Use clear item descriptions along with SKU codes. The SKU should identify the item, but the description should still explain it to humans.
Avoid creating duplicate SKUs for the same item. Before adding a new item, search existing item masters. Duplicate SKUs create wrong stock and wrong purchase decisions.
Review obsolete SKUs periodically. Old items should not clutter active purchase and production lists.
Common SKU Mistakes
The first mistake is using generic item names. “Screw,” “packing,” “chemical,” and “sheet” are not enough.
The second mistake is creating new codes without a naming rule. Over time, the item master becomes impossible to clean.
The third mistake is mixing variants under one SKU. If the product differs meaningfully, separate it.
The fourth mistake is creating separate SKUs for the same item because different people entered it differently.
The fifth mistake is not linking SKU data with BOM, purchase, sales, and inventory movement.
SKU In Manufacturing
In manufacturing, SKU is closely connected to bill of materials. If a BOM uses wrong item codes, production will issue wrong material. If stores records material under a different SKU, stock will appear short even when the item is physically available.

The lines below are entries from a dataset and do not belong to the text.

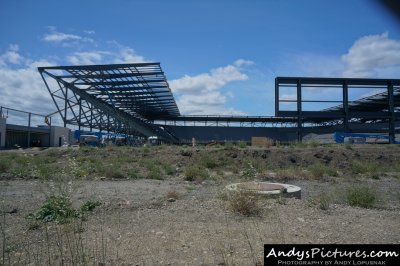 Earthquakes Stadium Construction - May 9, 2014
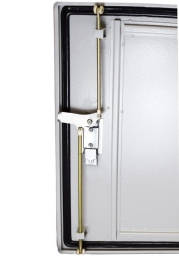 4Cabling 12RU 600mm Wide X 400mm Deep Grey Outdoor Wall Mount Cabinet | IP65 002.015.1264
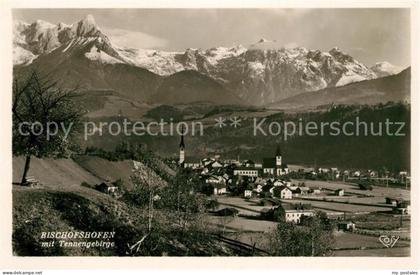 Bischofshofen mit Tennengebirge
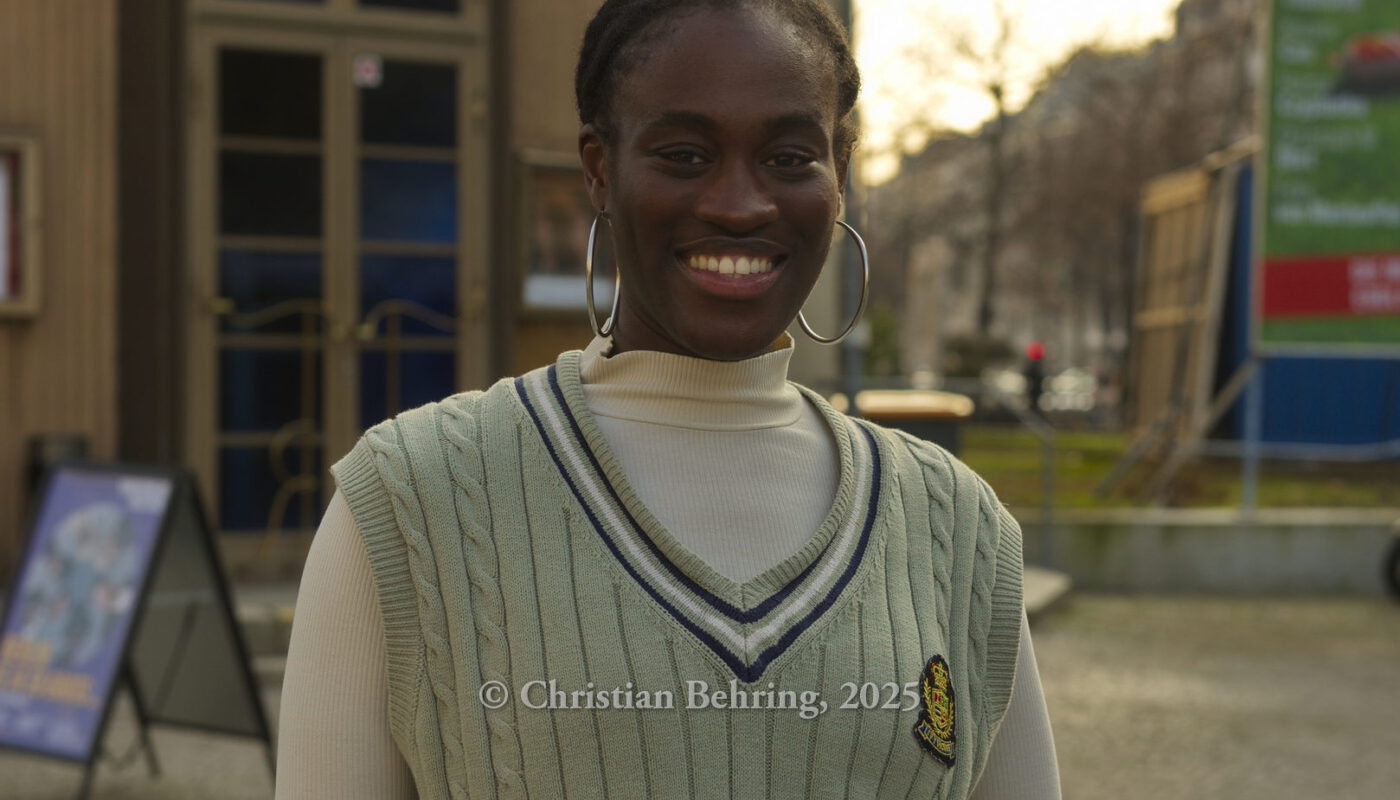 Ivy Quainoo, "BERLIN IS JA SO GROSS" (Premiere: 22.02.2025), Photocall, Renaissance Theater, Berlin, 08.02.2025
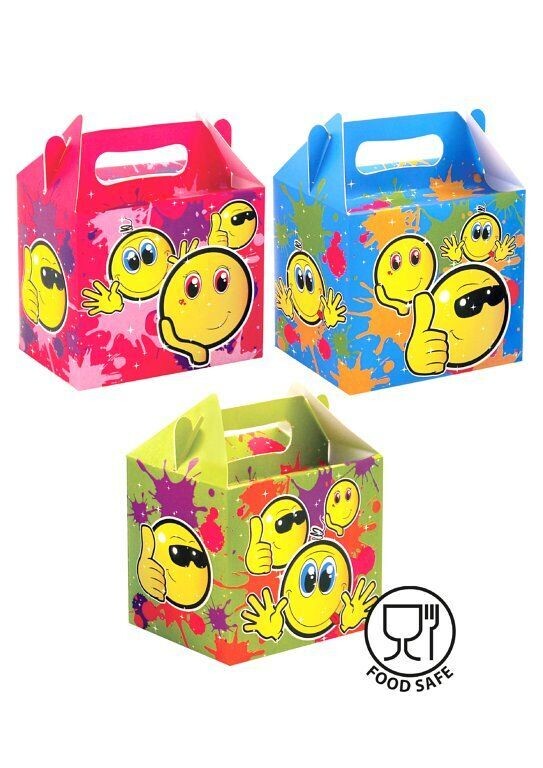henbrandt X00 447 Lunchbox Emoji 6 Stk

SKU discipline also supports costing. When item-level consumption is tracked properly, the business can compare expected consumption with actual consumption and identify wastage, rejection, or process loss.
How Optiwise Helps
Optiwise by AICAN helps manufacturers maintain clearer item-level records across inventory, purchase, production, and sales. Instead of keeping item masters in scattered spreadsheets, teams can work from a more structured system.
With connected workflows, SKUs are not just labels. They become the link between quotation, sales order, BOM, purchase order, material issue, stock ledger, dispatch, and reports.
This is valuable for SMEs because the owner gets better visibility into what is moving, what is stuck, what needs reorder, and what is consuming working capital.
AICAN focuses on helping manufacturers bring this kind of control into everyday operations without making the process unnecessarily complicated.
Founder’s Note
Many inventory problems look like stock problems, but they are actually naming problems. The material exists, but it is entered under another name. The team ordered the right category, but the wrong grade. The product was dispatched, but the variant was different.
At AICAN, we believe strong operations begin with clean master data. AICAN Optiwise helps businesses create that discipline so teams stop debating what an item means and start acting on reliable information.
SKU may feel like a small detail. In a growing factory, it becomes one of the foundations of control.
FAQs
What does SKU stand for?
SKU stands for Stock Keeping Unit.
What is an SKU in simple words?
An SKU is a unique internal code used to identify and track a specific inventory item.
Is SKU the same as barcode?
No. An SKU is an internal item code. A barcode is a scannable representation that may contain SKU or other information.
Why are SKUs important in manufacturing?
SKUs help manufacturers track raw materials, finished goods, variants, stock movement, purchase, production consumption, and dispatch accurately.
Can Optiwise help manage SKUs?
Yes. Optiwise by AICAN helps manufacturers manage item masters, inventory movement, purchase, production, sales, and reports with better SKU-level visibility.